Provided entries
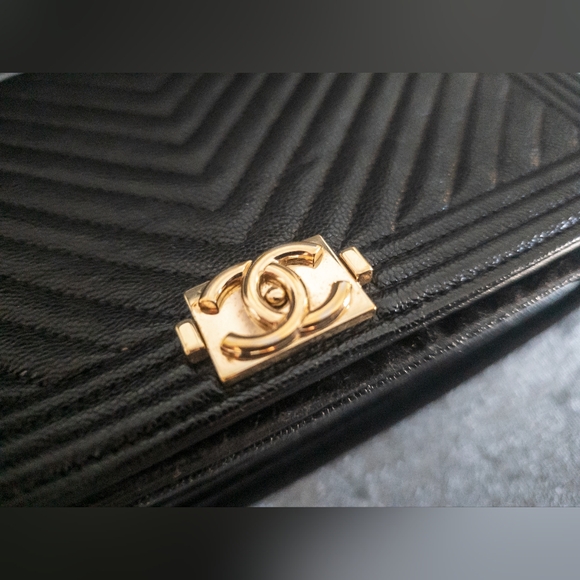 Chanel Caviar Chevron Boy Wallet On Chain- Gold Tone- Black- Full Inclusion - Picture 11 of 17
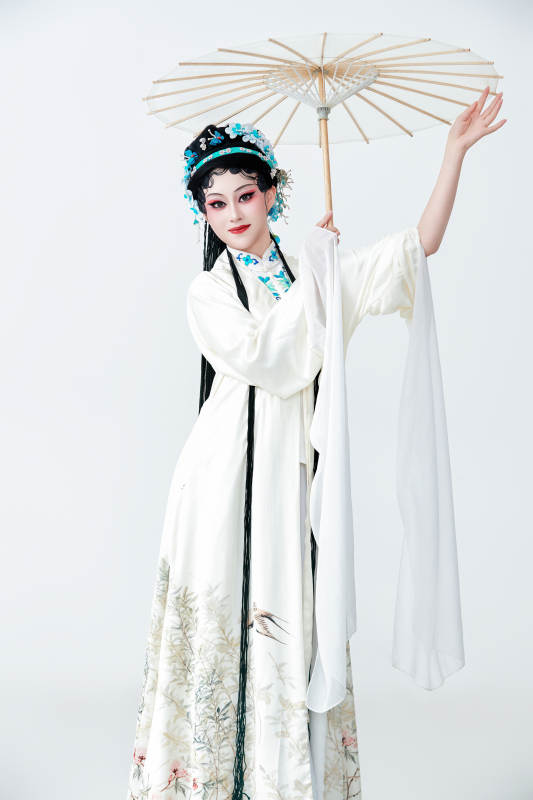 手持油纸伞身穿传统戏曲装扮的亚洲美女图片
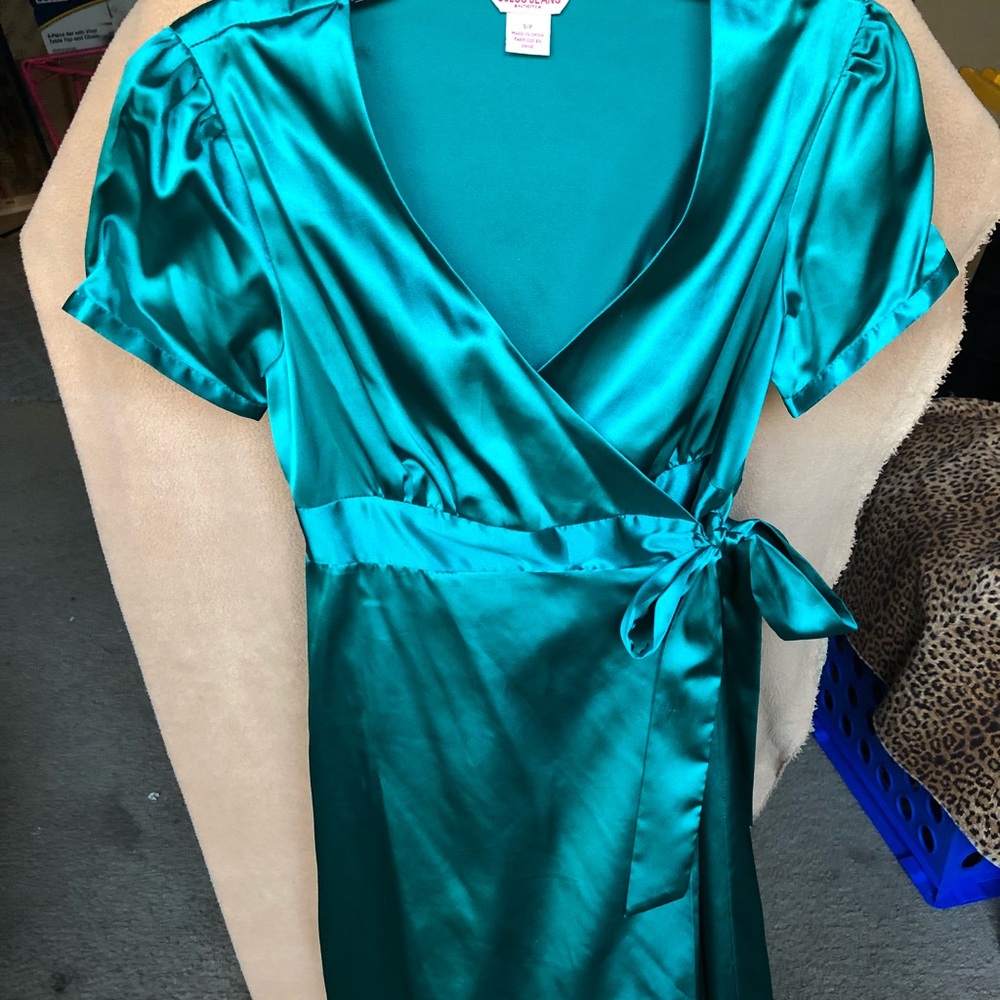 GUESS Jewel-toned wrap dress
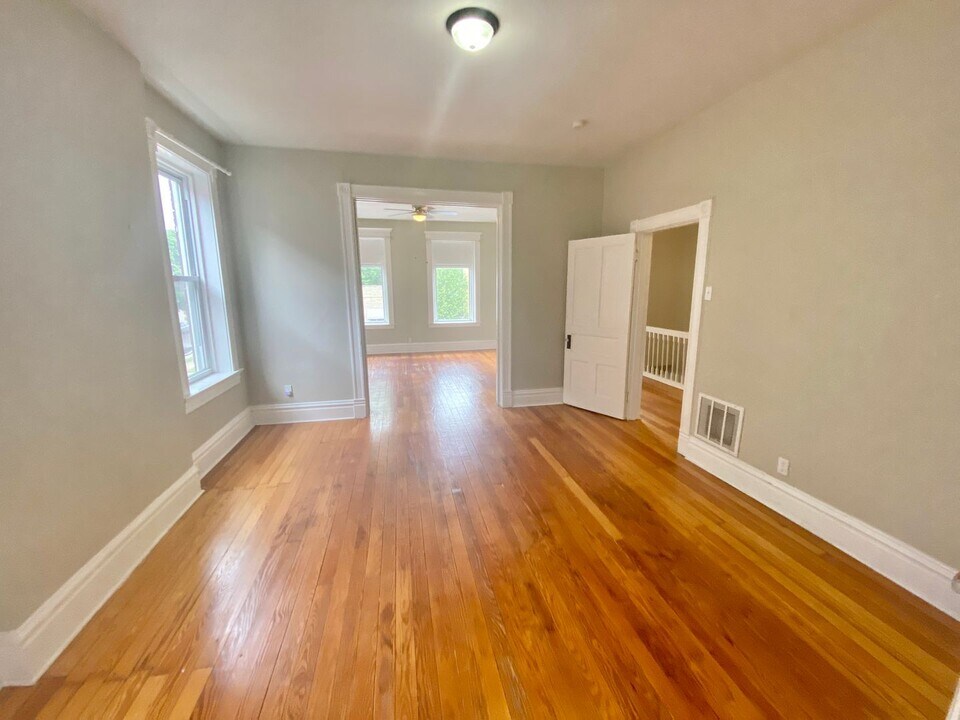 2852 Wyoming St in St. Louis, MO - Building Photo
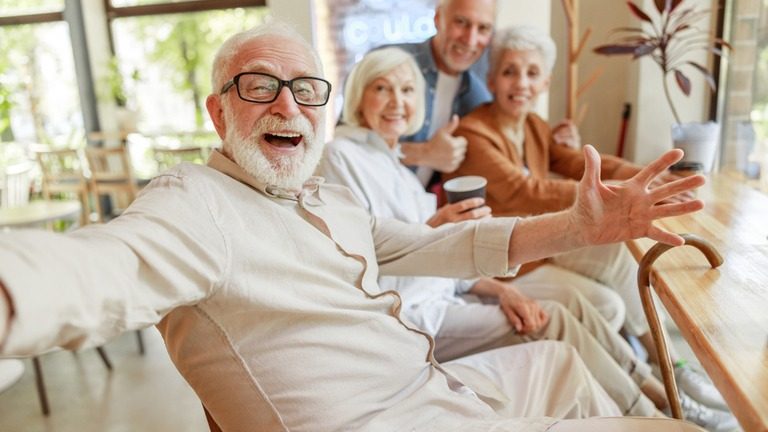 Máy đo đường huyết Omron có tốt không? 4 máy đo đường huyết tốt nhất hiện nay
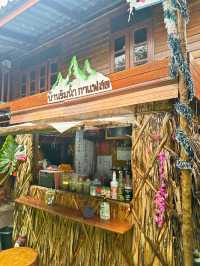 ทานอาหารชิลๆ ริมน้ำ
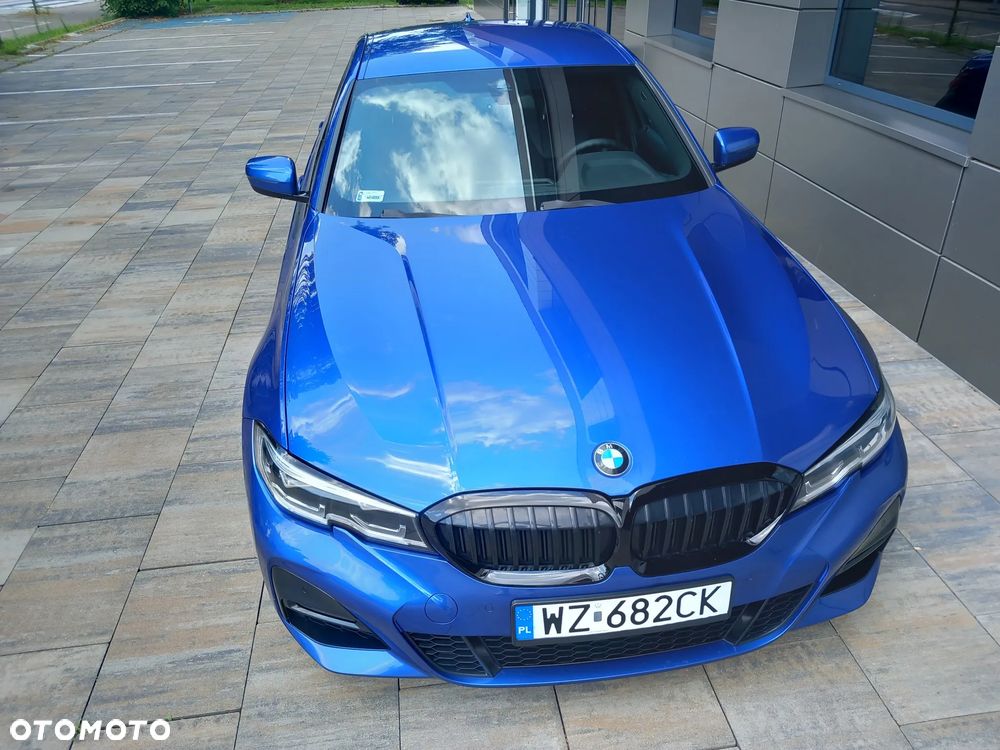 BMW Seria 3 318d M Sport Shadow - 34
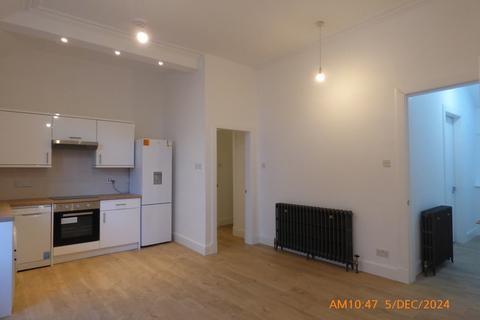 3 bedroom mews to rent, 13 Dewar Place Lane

Problem requirements
Copy out the whole listing exactly. Skip its pictures.

Task result
 Chanel Caviar Chevron Boy Wallet On Chain- Gold Tone- Black- Full Inclusion - Picture 11 of 17
 手持油纸伞身穿传统戏曲装扮的亚洲美女图片
 GUESS Jewel-toned wrap dress
 2852 Wyoming St in St. Louis, MO - Building Photo
 Máy đo đường huyết Omron có tốt không? 4 máy đo đường huyết tốt nhất hiện nay
 ทานอาหารชิลๆ ริมน้ำ
 BMW Seria 3 318d M Sport Shadow - 34
 3 bedroom mews to rent, 13 Dewar Place Lane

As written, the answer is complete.